Simpy 3: Resources.Resource.request()/.release() WITHOUT 'with...as:'

Question

I'm trying to add SimPy simulation to a project I'm working on and I have some confusion about version 3's release/request.

I was able to implement resources using a 'with'-block without trouble but in my situation I want to request/release a resource without using a 'with'-block.

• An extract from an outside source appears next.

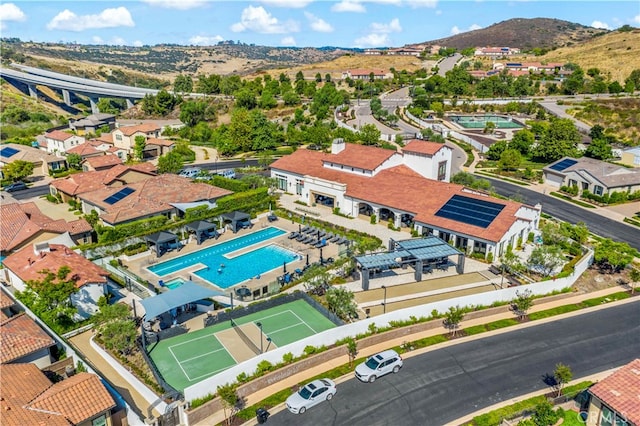 bird's eye view with a mountain view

However, I cannot find an example of this using SimPy 3. I read the documentation/source regarding resources but still can't get it quite right. Could someone explain how to properly:

...
Request a Resource with the method: 'request()'
...
Release that Resource with the method: 'release()'
...

Thanks, and sorry for the bother.

PS: I'm intending to use Resources.resource

Answer 1

If you want to use a resource without a with block (and you know you won’t get interrupted), its just:

req = resource.request()
yield req
# do stuff
resource.release(req)

Answer 2

Using with on an object calls __enter__ when you enter the with block, and __exit__ when you leave. So when you do

res = resource.Resource()
with res.request() as req:
  # stuff

You're really calling __enter__ on a Request object, doing #stuff then calling __exit__:

class Request(base.Put):
    def __exit__(self, exc_type, value, traceback):
        super(Request, self).__exit__(exc_type, value, traceback)
        self.resource.release(self)

class Put(Event):  # base.Put
    def __enter__(self):
        return self

    def __exit__(self, exc_type, exc_value, traceback):
        # If the request has been interrupted, remove it from the queue:
        if not self.triggered:
            self.resource.put_queue.remove(self)

So, the with block is equivalent to this:

res = resource.Resource(...)
req = res.request()
#stuff
if not req.triggered:
   res.put_queue.remove(req)
   res.release(req)

However, the with block is also making sure that the cleanup code is called no matter what exceptions are thrown during #stuff. You'll lose that with the above code.